TASK STATEMENT >> Word for word, copy the lines from the one with "Zinc Cotton Blend Prima Pants" to the last line of the data below, counting both, and keep every picture out.

......

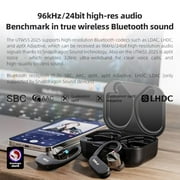 FiiO UTWS5 2025 True Wireless Bluetooth Earbuds Hook & Headphone Amp for IEMs, AK4332 DAC, Hi-Res 96kHz/24bit LDAC -MMCX/0.78 2pins Connector, 10-Band PEQ, 20H Battery Life (MMCX)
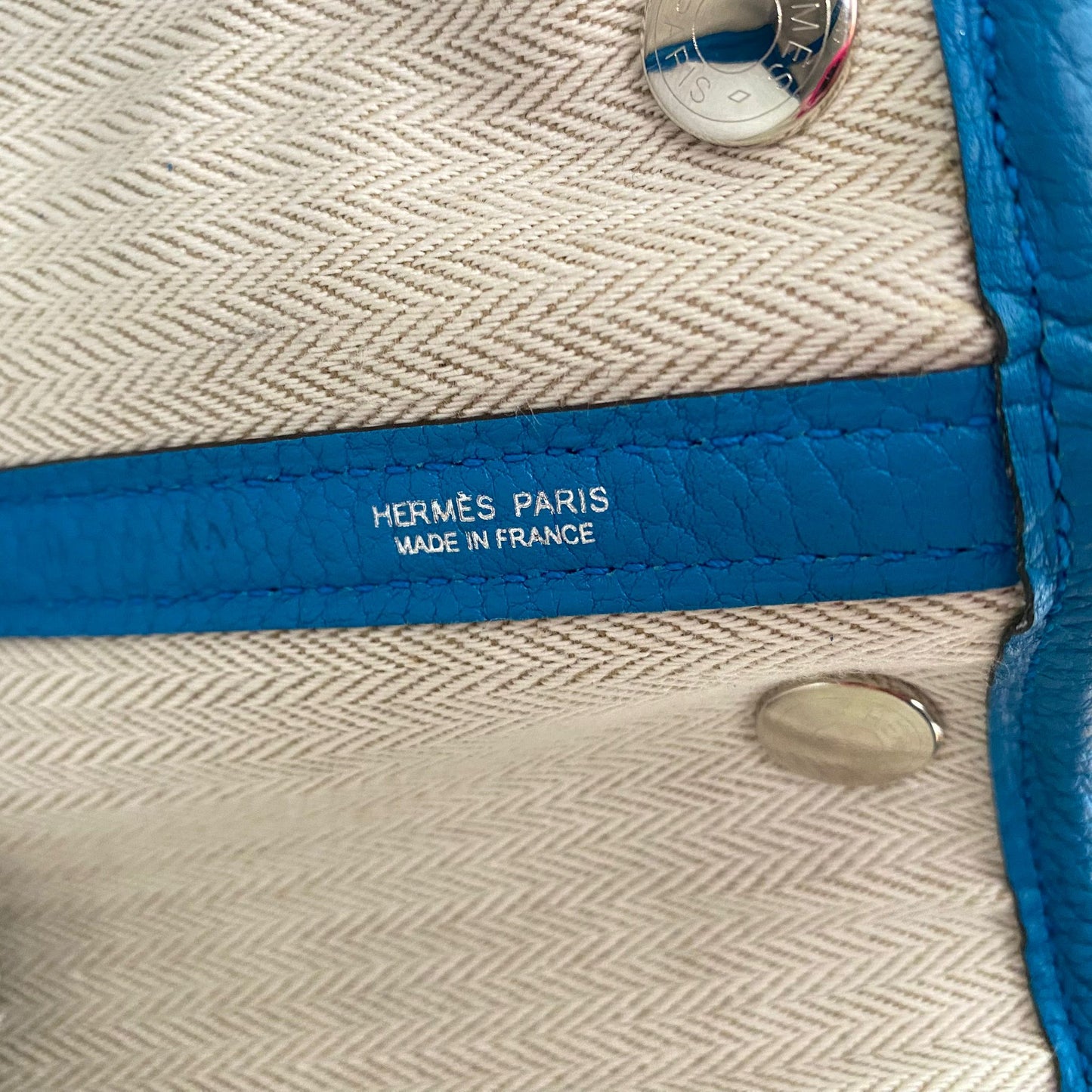 HERMES Garden Party GP30 銀扣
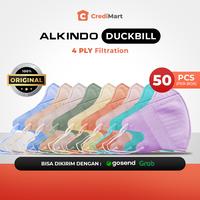 Gambar MASKER ALKINDO DUCKBILL MIX WARNA 4PLY (@50 Pcs/Box) dari CrediMart undefined 1 Tokopedia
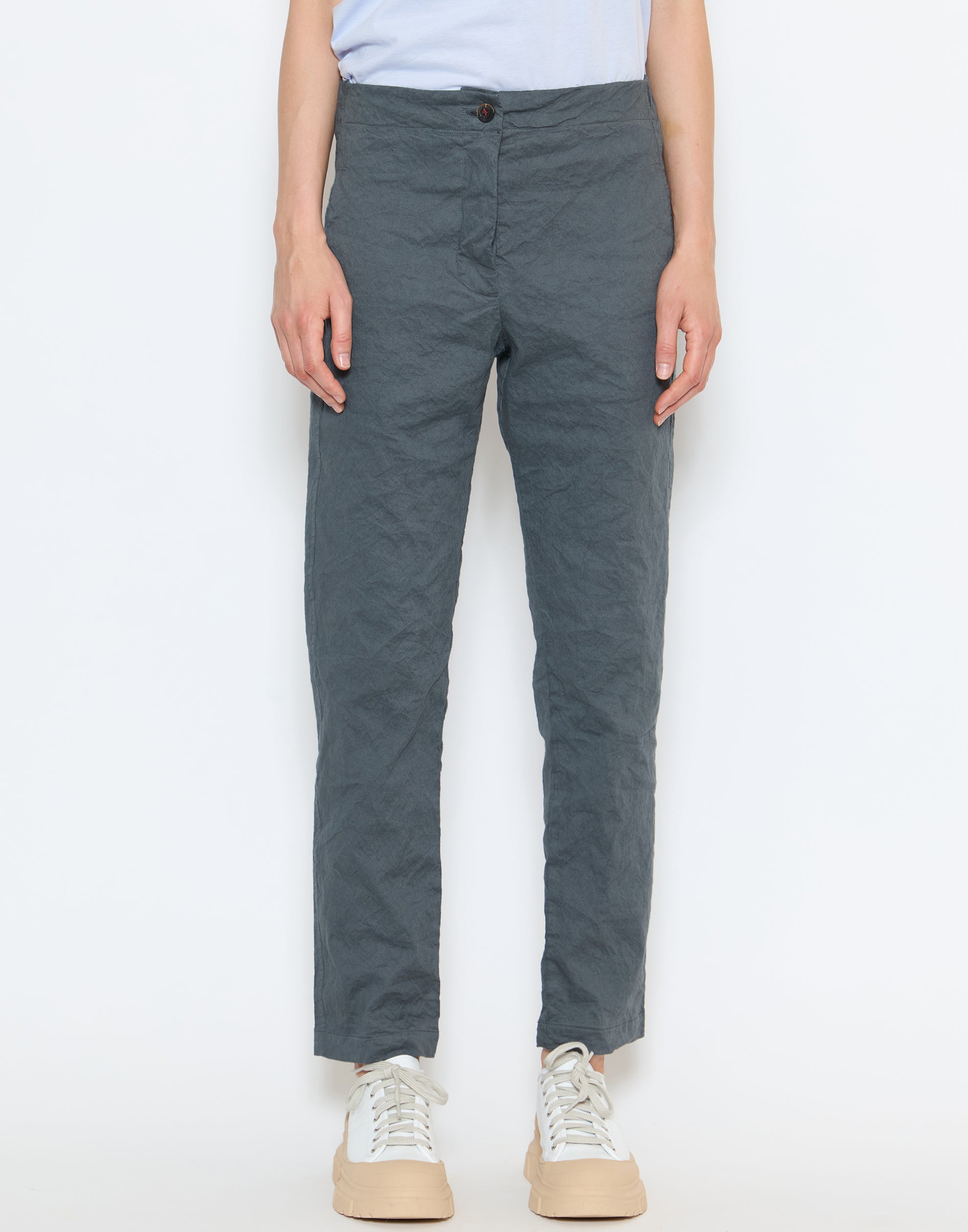Zinc Cotton Blend Prima Pants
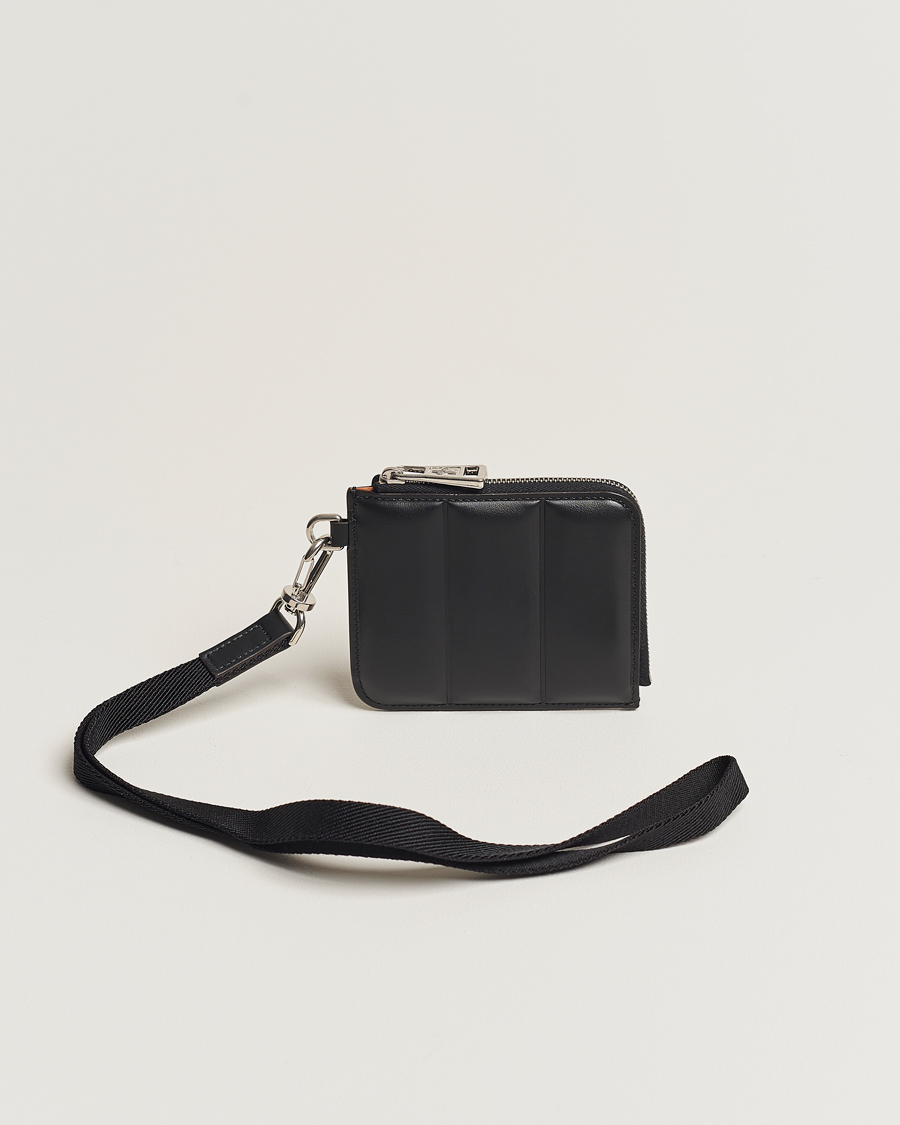 Herren | Moncler Strap Leather Wallet Black | Moncler | Strap Leather Wallet Black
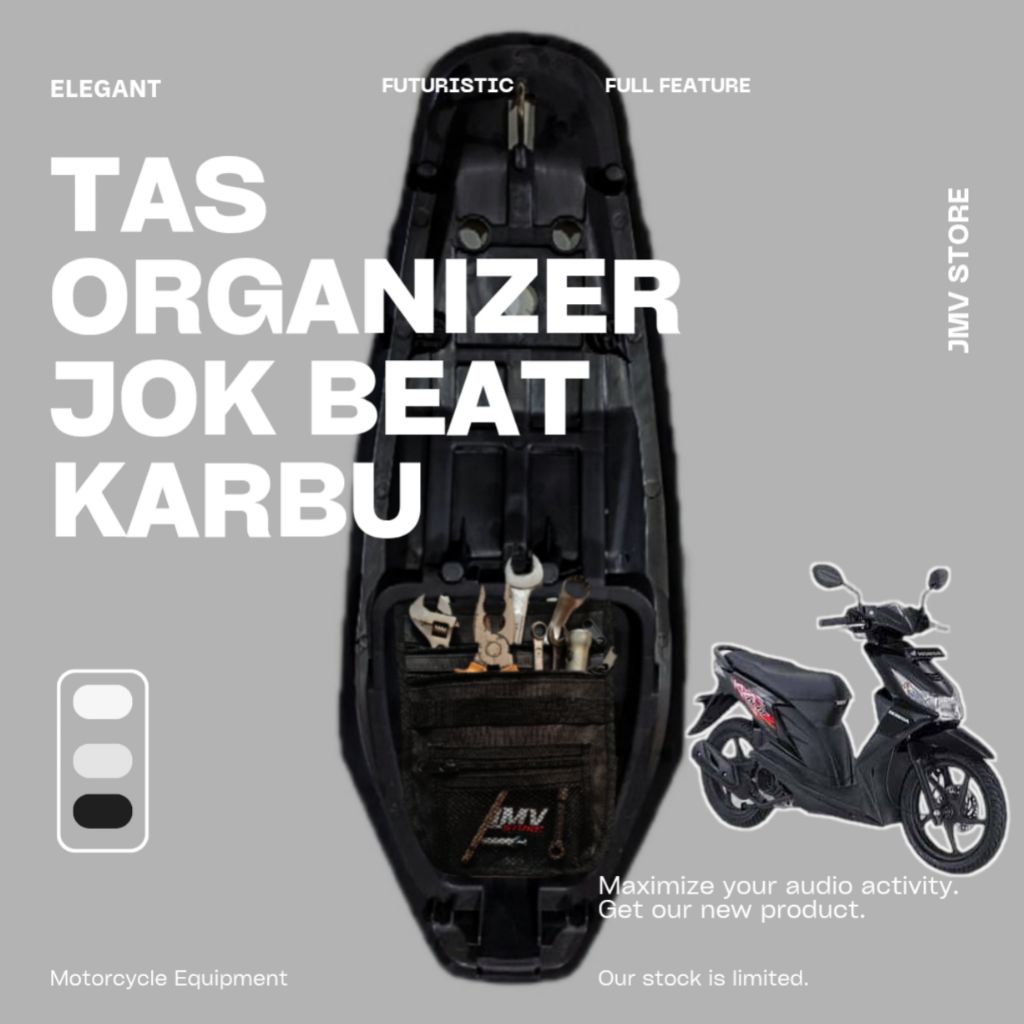 JMV TAS JOK MOTOR BEAT KARBU TAS ORGANIZER JOK MOTOR  AKSESORIS MOTOR TAS PERKAKAS TAS ALAT TAS TOOL
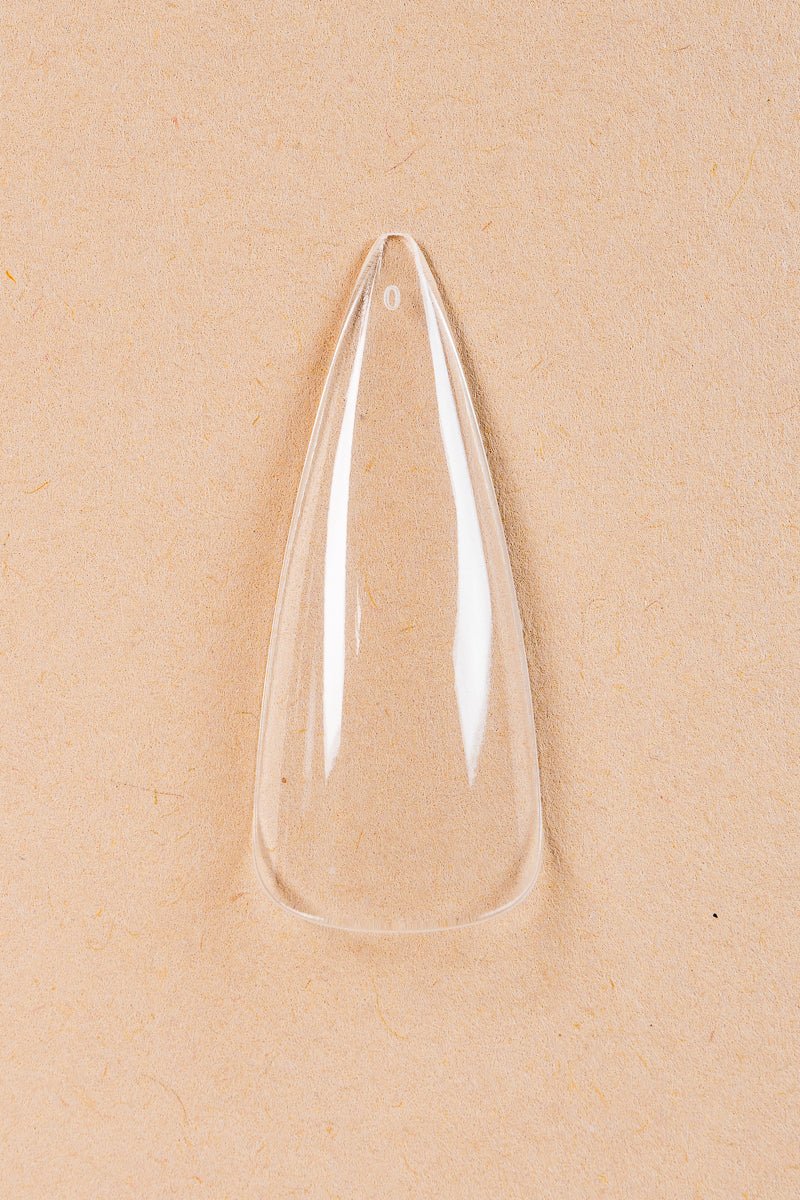 Stiletto Long Clear Tipper | Nailster Denmark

......

EXERCISE RESULT >>
Zinc Cotton Blend Prima Pants
 Herren | Moncler Strap Leather Wallet Black | Moncler | Strap Leather Wallet Black
 JMV TAS JOK MOTOR BEAT KARBU TAS ORGANIZER JOK MOTOR  AKSESORIS MOTOR TAS PERKAKAS TAS ALAT TAS TOOL
 Stiletto Long Clear Tipper | Nailster Denmark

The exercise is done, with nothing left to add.